Por telefone, o vereador negou todas as acusações feitas pela mulher e disse que ela precisa de acompanhamento médico, “pois está misturando ficção e realidade”. Damião Brito afirmou, também, que em conversa com a mulher, ela teria revelado alguns distúrbios psicológicos (falar em suicídio, homicídio) e que a demitiu exatamente temendo que pudesse acontecer alguma coisa em seu gabinete. Damião disse que a mulher precisa apresentar provas de tudo que disse.
POLÍCIA
Uma fonte da Polícia Civil confirmou que o depoimento da mulher está marcado para terça-feira. Ela será ouvida por um delegado de polícia lotado na Delegacia Seccional de Polícia.
MINISTÉRIO PÚBLICO
A reportagem do portal Nossa Cidade (nossacidade.online) questionou o Ministério Público do Estado de São Paulo por meio da assessoria de imprensa, sobre possível procedimento para apurar a eventual “rachadinha” em Araçatuba. A resposta foi direta:
“O MPSP por meio da Promotoria do Patrimônio Público de Araçatuba informa que, até o momento, não ter recebido nenhuma denúncia quanto ao fato e portanto não há nenhum procedimento instaurado”.
CÂMARA MUNICIPAL
A reportagem procurou também a Câmara Municipal de Araçatuba para saber como está tratando a questão.

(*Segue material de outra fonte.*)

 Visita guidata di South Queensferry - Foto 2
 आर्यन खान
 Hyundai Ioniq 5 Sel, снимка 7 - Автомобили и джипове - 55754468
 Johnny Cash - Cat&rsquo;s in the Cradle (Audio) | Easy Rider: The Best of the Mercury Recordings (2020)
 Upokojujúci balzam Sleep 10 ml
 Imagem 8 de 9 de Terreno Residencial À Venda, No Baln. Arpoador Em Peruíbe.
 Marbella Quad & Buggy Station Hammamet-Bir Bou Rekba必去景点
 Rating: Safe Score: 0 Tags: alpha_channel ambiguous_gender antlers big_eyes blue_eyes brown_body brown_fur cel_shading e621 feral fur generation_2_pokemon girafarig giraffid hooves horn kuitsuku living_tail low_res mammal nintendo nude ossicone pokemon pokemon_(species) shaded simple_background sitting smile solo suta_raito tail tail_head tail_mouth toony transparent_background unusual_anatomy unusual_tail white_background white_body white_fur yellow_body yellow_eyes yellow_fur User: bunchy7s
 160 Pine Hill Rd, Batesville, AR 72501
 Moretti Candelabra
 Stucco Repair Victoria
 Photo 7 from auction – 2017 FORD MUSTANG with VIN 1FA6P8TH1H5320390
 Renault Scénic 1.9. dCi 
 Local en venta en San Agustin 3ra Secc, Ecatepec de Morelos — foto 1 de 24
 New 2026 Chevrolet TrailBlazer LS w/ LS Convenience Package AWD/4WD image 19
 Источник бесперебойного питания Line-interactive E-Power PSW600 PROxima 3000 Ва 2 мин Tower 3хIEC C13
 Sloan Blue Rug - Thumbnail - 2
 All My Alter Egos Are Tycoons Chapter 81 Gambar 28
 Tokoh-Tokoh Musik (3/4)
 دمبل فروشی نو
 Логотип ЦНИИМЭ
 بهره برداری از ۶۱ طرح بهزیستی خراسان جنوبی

“Informamos que esta Presidência encaminhou à Corregedoria desta casa, em 14 de outubro de 2025, mensagem recebida através do celular corporativo da Área de Recursos Humanos da Câmara, com o relato de situação que poderia configurar prática de ato contrário à legislação. O processo está na Corregedoria para prosseguimento, na fase de oitivas e análise das mensagens enviadas. Após isso, a referida Corregedoria tomará as decisões que julgar cabíveis”.
EX-FUNCIONÁRIOS
O gabinete do vereador Damião Brito foi um dos que mais trocou funcionários neste primeiro ano de mandato, o que pode ser entendido como fato normal para adequação aos métodos de trabalho. A reportagem conseguiu manter contato com dois dos ex-funcionários. A princípio disseram não querer falar sobre o assunto com a imprensa e ainda não receberam qualquer comunicação da corregedoria da Câmara, que em tese, deve procurar ouvi-los.
O QUE É RACHADINHA
Rachadinha ou desvio de salário de assessor é a prática de corrupção caracterizada pelo repasse de parte dos salários de assessores para o parlamentar ou secretário a partir de um acordo pré-estabelecido ou como exigência para permanecer na função. Há casos em que até mesmo pessoas indicadas pelo parlamentar para cargo no executivo, também têm de dividir o salário. Do ponto de vista penal, a “rachadinha” não é um crime tipificado com este nome no Código Penal. O termo é uma expressão popular para um esquema ilegal que, dependendo da forma como é praticado, pode ser enquadrado em diferentes crimes contra a Administração Pública. O entendimento sobre o enquadramento penal da prática ainda é discutido nos tribunais.
HISTÓRICO EM ARAÇATUBA
Com diferentes nomes – rachadinha é o mais atual devido ao caso do então deputado estadual do Rio de Janeiro, Flávio Bolsonaro -, a cobrança de parte dos salários de apaniguados políticos é antiga em Araçatuba. Um vereador já chegou a ser condenado pela prática. Em alguns momentos o assunto é falado abertamente pelos corredores. Há ainda vereador que exige apenas que o assessor faça doações a entidades e instituições. Há pouco mais de dois anos, ao discutir aumento salarial dos assessores, um experiente vereador chegou a falar em “aumento do nosso salário”.
CASSAÇÃO EM ARARAQUARA
Em Araraquara, o vereador Emanoel Sponton (PP), teve o mandato cassado este ano pela prática de rachadinha. Ele está tentando, na Justiça, anular a decisão do Legislativo que cassou o seu mandato. Busca provar uma falha processual para anular o Decreto que cassou o mandato. Porém, já tinha feito acordo de “não persecução civil” com o Ministério Público, no qual reconheceu expressamente a prática da rachadinha e aceitou as consequências jurídicas e políticas do fato.